I feel as though I have committed a sin. But.... but it felt so right... in the moment you know? Like I just had to do it... this force bigger than myself caused my better judgement in life to be lacking in the right and wrong of all humanity.
Instead of my pumpkin spice... I had a peppermint white chocolate mocha.
I said it out loud... that's the first step to recovery right? Saying it out loud? Admitting it? Healing can now begin.
I feel as though whilst the leaves are still afallin and Thanksgiving looming upon us there are some things that should "wait". Hence the shame in my lack of will.
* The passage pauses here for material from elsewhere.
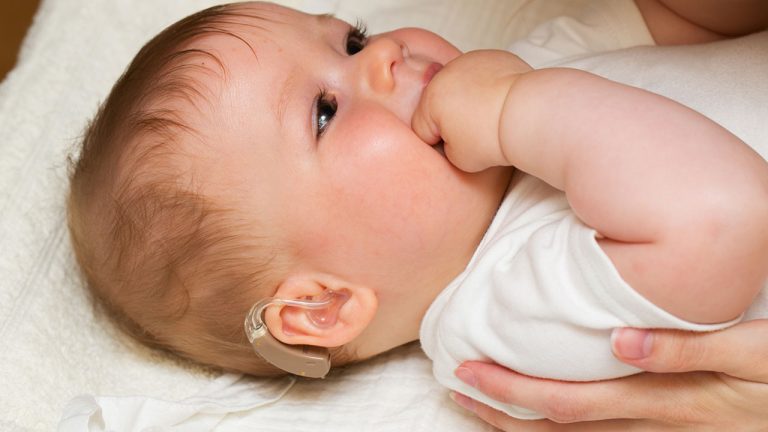 <strong>The NHS will employ a test to stop babies from turning deaf.</strong>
Why is Wallgreens an most shops decking the halls already? Now if you knew me... realllllly knew me, you'd know I am not one to be rushed. Just ask my husband. I am Texan, Taurus, and for better and for worse my mother's daughter. I don't rush. One of our roommates, who we call "Lana long legs if I fall down I'm aight schmidt smith", doesn't run, I don't rush. I feel my life runs perpetually 5 mins behind schedule. That is just one trait I wish I could have gotten from my father (always a timely man... ya know... getting at the airport "just in case" 3 hours early... k... maybe slightly exaggerating, not 3 but in my lil kid; big woman world it feels that long) and not my mother who believes the world revolves around her time... "they will just have to wait". My dad's knees are hurting right now, and for once in there almost 30 year union my mother now walks faster than my dad and is living it up. We were that family on vacation that my dad and his spitting image, my sister 2 years older, would lead the pack, followed by me with my two lil brothers frolicking about, and my mother and her spitting image, my sister 4 years older trailing 15 paces behind grumbling the whole time, but the woman has yet to ever be rushed, then and now.
So why is it society wants to rush everything? Money? Here's a hint... people don't have that either... along with the lack of wanting for sleighs before the turkey, cranberries, and stuffing? Bring on the Tryptophan!
Well, anyhow, I'm glad I got that confession off my chest. ENJOY Fall and pumpkin spice lattes unite!